YSA Design serves modern cruising needs on HAL flagship Rotterdam
The distinctive look and feel of a cruise ship delivered in 2021 has been turning heads during the inaugural season of MS Rotterdam, but Holland America Line’s (HAL) new flagship also includes some familiar features.
The 2,668-guest Pinnacle-class cruise vessel left Amsterdam on a 14-day passage to Fort Lauderdale, Florida, before entering a schedule of Caribbean cruising during November.
For Oslo-based architecture and design firm YSA Design, which developed several public areas on board Rotterdam, the 297-metre passenger ship brought a mix of familiar territory and new ground.
In addition to lift lobbies and cabin corridors, YSA was responsible for the same leisure venues it had designed on the vessel’s sister ships, MS Koningsdam and MS Nieuw Statendam. For example, the World Stage theatre, with its two-storey, 270-degree wraparound LED screen – an industry first when it debuted on Koningsdam – remains a prominent attraction, as does the innovative Observation Deck with interactive tables, first introduced on NieuwStatendam.
However, YSA Design senior architect and project lead, Trond Sigurdsen explains that HAL has expectations which involve continuous evolution. “With its Pinnacle fleet, Holland America Line wanted a fresh and contemporary aesthetic and Rotterdam is its latest inspiring example,” he says. “The ship is designed at the ‘human scale’, with smaller private spaces being central to the relaxing atmosphere onboard. Although the basic layout of the ship is the same, Rotterdam is very much reflective of modern times.”
To achieve the desired ambience, YSA opted to divide open areas into more compact and intimate spaces, allowing cruise guests to spend time in smaller groups. This extends to outdoor decks, where guests experience personalized service and the feeling of specialness associated with smaller ships.
Equally conducive to Rotterdam’s relaxing atmosphere is YSA’s expertly curated art collection, which features depictions of animals and nature in the public spaces as well as restful aquatic-themed artwork in the spa area to help guests disconnect from the hustle and bustle of city life.
“Art is a powerful medium for conveying emotion and setting the mood in any public or private space,” explains Sigurdsen. “Generally, architecture informs our choice of artwork, but on Rotterdam, artwork inspired the architecture. In the spa’s Hydro Pool, for instance, the large glass sculptures resemble windows into the ocean and provided the starting point and frame for the rest of our design work.”

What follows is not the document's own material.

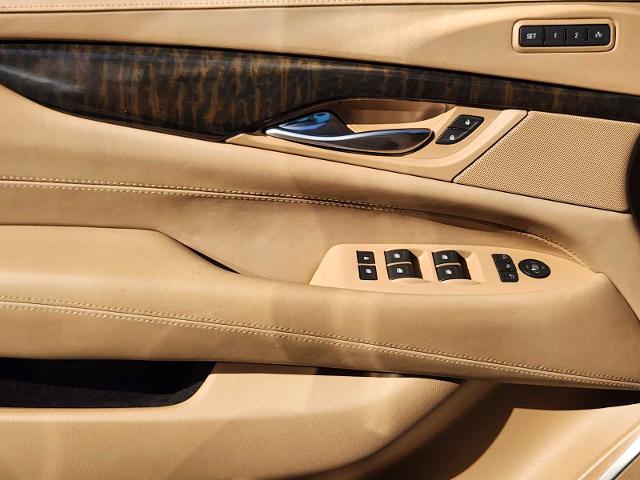 2018 Cadillac Escalade Vehicle Photo in DENTON, TX 76210-9321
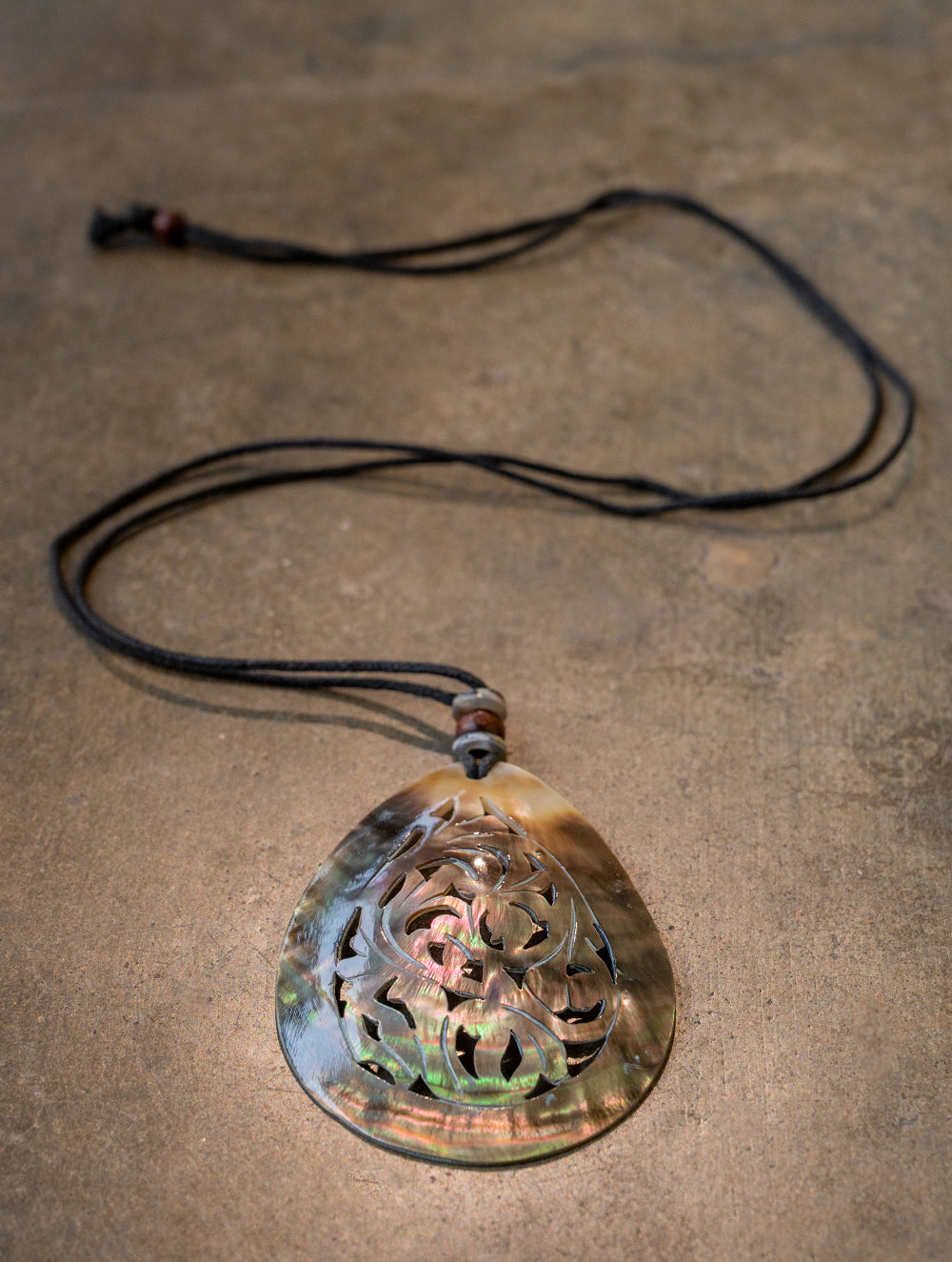 Load image into Gallery viewer, Mystic Dunes Shell Necklace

Art is also key to Rotterdam’s modern aesthetic, with music-inspired pieces adorning walls, halls and corridors throughout the ship to reflect the main musical themes of Pinnacle-class ships. These include hand-carved vinyl records and unwound cassette tapes portraying the faces of iconic musicians; a world map spray-painted onto a set of speakers; and sculptures in the shape of musical instruments.
Meanwhile, the YSA-designed, deck-10 Pan-Asian restaurant, Tamarind, features stunning East Asian-influenced artwork including a traditional Japanese dress crafted of satin ribbon and two fibreglass sculptures depicting China’s famous terracotta warriors.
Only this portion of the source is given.